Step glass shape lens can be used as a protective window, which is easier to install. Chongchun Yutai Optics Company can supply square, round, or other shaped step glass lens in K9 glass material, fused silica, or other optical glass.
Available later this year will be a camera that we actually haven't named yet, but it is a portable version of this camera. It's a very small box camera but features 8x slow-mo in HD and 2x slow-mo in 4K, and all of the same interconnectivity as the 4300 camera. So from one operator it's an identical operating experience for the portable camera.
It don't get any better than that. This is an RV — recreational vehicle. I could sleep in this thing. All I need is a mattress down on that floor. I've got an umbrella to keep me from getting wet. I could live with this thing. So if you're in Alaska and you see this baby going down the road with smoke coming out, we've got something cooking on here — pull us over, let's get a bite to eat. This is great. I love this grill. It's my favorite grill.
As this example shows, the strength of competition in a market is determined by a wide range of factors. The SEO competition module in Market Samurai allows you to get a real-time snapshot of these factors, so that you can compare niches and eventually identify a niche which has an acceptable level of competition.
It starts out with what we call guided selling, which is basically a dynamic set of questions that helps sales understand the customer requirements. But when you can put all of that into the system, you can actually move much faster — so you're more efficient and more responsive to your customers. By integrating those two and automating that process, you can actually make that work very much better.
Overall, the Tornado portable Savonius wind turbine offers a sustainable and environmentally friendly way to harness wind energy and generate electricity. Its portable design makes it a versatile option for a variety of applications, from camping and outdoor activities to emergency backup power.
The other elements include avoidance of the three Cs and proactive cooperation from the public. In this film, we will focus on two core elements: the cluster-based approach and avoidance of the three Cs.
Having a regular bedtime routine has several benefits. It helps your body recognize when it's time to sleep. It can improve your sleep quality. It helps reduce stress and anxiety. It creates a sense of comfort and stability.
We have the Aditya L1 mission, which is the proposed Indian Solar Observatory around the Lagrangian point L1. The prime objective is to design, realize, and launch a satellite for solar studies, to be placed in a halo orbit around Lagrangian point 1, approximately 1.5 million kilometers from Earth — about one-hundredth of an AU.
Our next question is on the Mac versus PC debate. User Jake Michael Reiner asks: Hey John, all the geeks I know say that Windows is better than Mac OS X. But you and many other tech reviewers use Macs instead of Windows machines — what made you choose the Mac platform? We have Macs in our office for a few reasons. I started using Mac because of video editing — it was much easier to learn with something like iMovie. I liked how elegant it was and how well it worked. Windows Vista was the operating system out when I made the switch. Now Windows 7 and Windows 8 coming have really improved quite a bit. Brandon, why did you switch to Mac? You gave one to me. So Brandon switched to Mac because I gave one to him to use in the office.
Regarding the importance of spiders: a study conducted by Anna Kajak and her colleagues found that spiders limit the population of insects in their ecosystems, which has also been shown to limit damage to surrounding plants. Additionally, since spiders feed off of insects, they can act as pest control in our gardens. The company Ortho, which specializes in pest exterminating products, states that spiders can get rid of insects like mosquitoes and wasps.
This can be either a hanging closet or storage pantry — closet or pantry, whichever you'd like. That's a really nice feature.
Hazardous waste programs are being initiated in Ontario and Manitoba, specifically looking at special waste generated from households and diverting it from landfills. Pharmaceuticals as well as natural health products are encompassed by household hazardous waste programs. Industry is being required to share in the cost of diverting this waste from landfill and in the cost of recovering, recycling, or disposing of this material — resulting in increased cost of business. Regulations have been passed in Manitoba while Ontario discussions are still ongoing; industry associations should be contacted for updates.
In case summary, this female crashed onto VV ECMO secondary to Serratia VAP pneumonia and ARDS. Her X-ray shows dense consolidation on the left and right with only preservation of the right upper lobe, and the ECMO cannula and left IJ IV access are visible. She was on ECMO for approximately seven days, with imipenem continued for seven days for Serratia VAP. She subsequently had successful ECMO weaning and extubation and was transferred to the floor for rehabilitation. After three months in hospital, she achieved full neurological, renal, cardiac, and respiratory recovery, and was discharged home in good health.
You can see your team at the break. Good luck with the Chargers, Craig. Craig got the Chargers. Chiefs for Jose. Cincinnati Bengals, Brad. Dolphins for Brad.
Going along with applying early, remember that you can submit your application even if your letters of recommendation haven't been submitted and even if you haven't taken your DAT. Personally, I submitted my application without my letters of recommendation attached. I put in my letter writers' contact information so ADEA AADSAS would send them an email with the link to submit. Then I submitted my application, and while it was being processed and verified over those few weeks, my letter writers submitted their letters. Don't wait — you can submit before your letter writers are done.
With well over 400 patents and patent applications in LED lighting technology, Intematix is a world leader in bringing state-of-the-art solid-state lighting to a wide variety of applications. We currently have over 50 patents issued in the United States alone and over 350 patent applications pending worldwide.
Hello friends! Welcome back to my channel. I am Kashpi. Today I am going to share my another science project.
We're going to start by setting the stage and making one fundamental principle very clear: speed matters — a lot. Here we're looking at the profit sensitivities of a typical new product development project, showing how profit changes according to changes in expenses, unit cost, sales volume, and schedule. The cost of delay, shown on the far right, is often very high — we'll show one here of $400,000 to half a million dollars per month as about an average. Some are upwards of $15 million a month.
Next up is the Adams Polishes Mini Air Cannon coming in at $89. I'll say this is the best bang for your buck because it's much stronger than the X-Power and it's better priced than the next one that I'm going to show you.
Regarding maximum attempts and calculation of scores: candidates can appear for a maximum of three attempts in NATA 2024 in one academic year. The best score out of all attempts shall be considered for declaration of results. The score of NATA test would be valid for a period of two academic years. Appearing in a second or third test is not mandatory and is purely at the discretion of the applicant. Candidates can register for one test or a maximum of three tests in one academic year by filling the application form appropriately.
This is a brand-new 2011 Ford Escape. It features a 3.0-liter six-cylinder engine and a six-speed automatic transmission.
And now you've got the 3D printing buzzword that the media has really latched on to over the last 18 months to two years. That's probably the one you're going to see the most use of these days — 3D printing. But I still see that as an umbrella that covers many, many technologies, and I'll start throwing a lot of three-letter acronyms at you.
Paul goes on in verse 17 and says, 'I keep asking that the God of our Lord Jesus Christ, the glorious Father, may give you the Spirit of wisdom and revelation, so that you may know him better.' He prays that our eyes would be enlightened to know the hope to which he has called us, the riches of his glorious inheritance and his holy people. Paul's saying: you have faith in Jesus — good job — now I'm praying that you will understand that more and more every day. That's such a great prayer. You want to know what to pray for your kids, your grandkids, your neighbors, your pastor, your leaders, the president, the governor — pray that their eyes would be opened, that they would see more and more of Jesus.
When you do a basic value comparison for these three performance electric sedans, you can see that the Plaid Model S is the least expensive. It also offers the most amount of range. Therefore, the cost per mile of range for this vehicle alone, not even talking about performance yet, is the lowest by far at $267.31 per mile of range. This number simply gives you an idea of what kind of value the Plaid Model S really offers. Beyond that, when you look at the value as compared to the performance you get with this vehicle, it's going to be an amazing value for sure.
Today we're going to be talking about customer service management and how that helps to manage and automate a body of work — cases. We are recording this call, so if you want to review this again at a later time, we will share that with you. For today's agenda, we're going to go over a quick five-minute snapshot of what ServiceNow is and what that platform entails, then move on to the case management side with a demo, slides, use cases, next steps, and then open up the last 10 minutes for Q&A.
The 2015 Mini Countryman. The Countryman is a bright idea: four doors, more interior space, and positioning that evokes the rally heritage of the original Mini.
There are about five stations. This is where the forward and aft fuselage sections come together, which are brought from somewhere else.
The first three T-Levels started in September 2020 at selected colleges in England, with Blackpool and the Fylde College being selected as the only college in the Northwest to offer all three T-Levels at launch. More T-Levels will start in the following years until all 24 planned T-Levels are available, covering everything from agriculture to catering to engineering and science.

INSTRUCTIONS TO FOLLOW >> Look above for the line with "We're going to start" and the line with "Next up is the". Write out those two lines and all the lines between them, exactly, and no others.

RESPONSE >>
We're going to start by setting the stage and making one fundamental principle very clear: speed matters — a lot. Here we're looking at the profit sensitivities of a typical new product development project, showing how profit changes according to changes in expenses, unit cost, sales volume, and schedule. The cost of delay, shown on the far right, is often very high — we'll show one here of $400,000 to half a million dollars per month as about an average. Some are upwards of $15 million a month.
Next up is the Adams Polishes Mini Air Cannon coming in at $89. I'll say this is the best bang for your buck because it's much stronger than the X-Power and it's better priced than the next one that I'm going to show you.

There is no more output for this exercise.